El escenario: las esquinas y los cafés de la Unten den Linden o de la Ku Damm; las bocas de metro, cuyas líneas, ignorando la situación política, entraban y salían del sector soviético o el alemán oriental sometido a controles iguales o superiores a los de los nazis; los hoteles modestos y los más elegantes. Un telón de fondo para una guerra fría que podía convertirse en caliente en cualquier momento, por cualquier descuido.

 

le carre

El espía que surgió del frío
John Le Carré
Barcelona: Debolsillo, 2020

 

John Le Carré elevó ese caos a la categoría de argumento literario, romántico, de héroes secretos y canallas públicos. Un mundo que, justo es decirlo, describiría más tarde con singular maestría Len Deighton recorriéndolo su protagonista, Bernard Samson, a la vez que ejercía de agente británico en los sutiles, sórdidos y cínicos círculos de la sociedad berlinesa superviviente del nazismo, de la guerra y del cerco comunista.

De hecho, Le Carré fue agente del servicio secreto británico, más conocido como MI-6, oficialmente inexistente y cuya especialidad era interrogar, en Berlín o Londres, a los huidos de Alemania oriental que aspiraban a instalarse en Occidente para descartar que fueran agentes soviéticos destinados a situarse tras las líneas occidentales.

Fue El Topo, (1974), el libro con que Le Carré colocó los cimientos de una especie literaria, la novela de espías, el género que sirvió para poner sobre la mesa-camilla delicados problemas internacionales: amenazas, maniobras, intrigas y ataques a los gobiernos y al bienestar que tejían las relaciones entre los países, incluso entre los aliados, y especialmente las relaciones Este-Oeste.
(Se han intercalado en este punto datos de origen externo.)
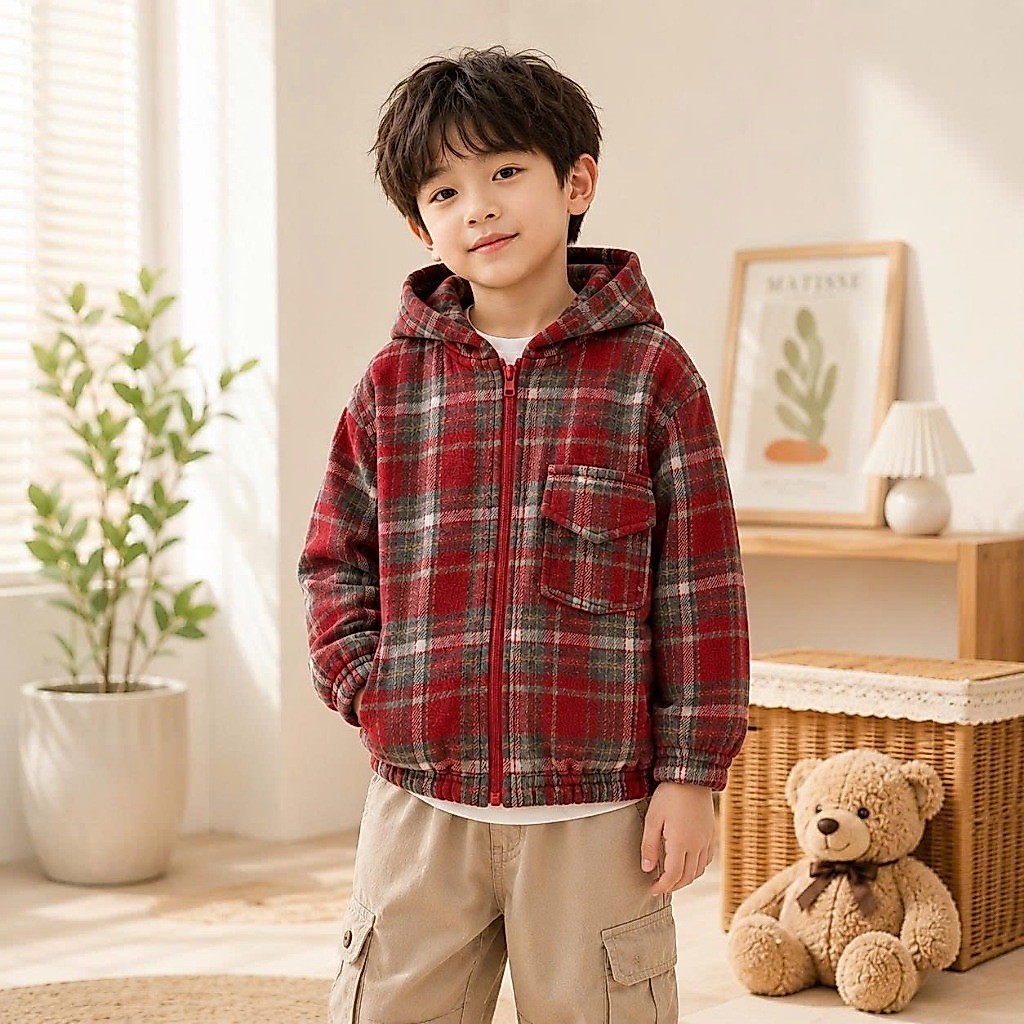 Áo khoác caro kẻ sọc có mũ khóa kéo đa dạng mẫu mã thời trang trẻ trung vải flannel thoáng khí .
De la complejidad de estos asuntos los ciudadanos apenas tienen conocimiento, pero existen y los gobiernos los afrontan desde la sombra, la discreción y, a veces, con acciones probablemente necesarias pero que no forman parte de las reglas del juego público.

En suma, Le Carré se adentró en la descripción de los servicios secretos como instrumento de política exterior e interior para impedir el estallido de conflictos y garantizar que, si se desencadenaban, se estuviera en disposición de tomar la delantera al enemigo y alcanzar la victoria. Todo un homenaje a aquellos soldados secretos y heroicos siempre despreciados pero imprescindibles para todos los gobiernos.
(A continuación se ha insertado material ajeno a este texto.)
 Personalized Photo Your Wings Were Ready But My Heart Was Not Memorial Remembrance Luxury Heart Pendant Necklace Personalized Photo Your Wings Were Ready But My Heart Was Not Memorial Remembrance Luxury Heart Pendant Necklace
El Topo –traducción española de Tinker, tailor, soldier, spy, es decir, calderero, sastre, soldado, espía, un juego de palabras que Le Carré hace con el estribillo de una vieja canción infantil inglesa– fue la primera novela de una trilogía, completada con El honorable colegial (1977) y La gente de Smiley (1980). En ella describe una operación clásica de los servicios de inteligencia: la búsqueda de un traidor, un agente doble, un espía pasado al enemigo. El protagonista se ha convertido en paradigma de espías, llevado al cine con notable éxito por Alec Guiness: George Smiley, a quien intentan parecerse los agentes británicos verdaderos en el exterior, según los entendidos en estos asuntos.

La trilogía tiene todos los elementos de ese mundo: espías lejos de sus hogares demasiado tiempo y con un alto riesgo de infidelidad por parte de sus parejas; la homosexualidad como arma de chantaje de los servicios secretos para obtener colaboración de los adversarios; la propia formación espiritual y emocional del espía al que su trabajo le obliga a ser reflexivo, prudente, paciente, inflexible, sereno, implacable, buen observador y extraordinariamente leal y disciplinado. El negocio no funciona bien sin este último elemento humano. Smiley, experto en arquitectura religiosa alemana, canaliza sus conocimientos hacia el hombre, sus debilidades y sus frustraciones, que en el fondo no son distintas de las suyas. Sólo cuando Smiley descubre que su esposa Anne le miente para serle infiel, no elige vengarse del mundo entero, sino perseverar en su entrega al Estado, a unos intereses que, aunque no esté de moda decirlo, se sitúan por encima de los puntos de vista y los intereses personales.

Creando este mundo de papel, Le Carré hacía frente, literariamente, a una pesadilla obsesiva para el MI-6: la penetración soviética. No ha existido ningún servicio más infiltrado por los espías soviéticos. Ni, en honor a la verdad, ninguno con más éxitos en la obtención de información tras las líneas antes soviéticas y ahora rusas. Por las páginas de la trilogía pasan los integrantes del círculo de Cambridge, agentes británicos que trabajaron para los soviéticos y que estaban unidos por un izquierdismo estético, la homosexualidad, el alcoholismo, la ambición o el ego desmedido. Es fácil descubrir entre los personajes a Kim Philby, el agente doble al servicio de la URSS y condecorado por Francisco Franco, que lo consideraba simpatizante suyo y hoy enterrado en Moscú cerca de Nikita Jruschov; Donald McLean o el crítico de arte sir Anthony Blunt, asesor de la reina y agente de Moscú.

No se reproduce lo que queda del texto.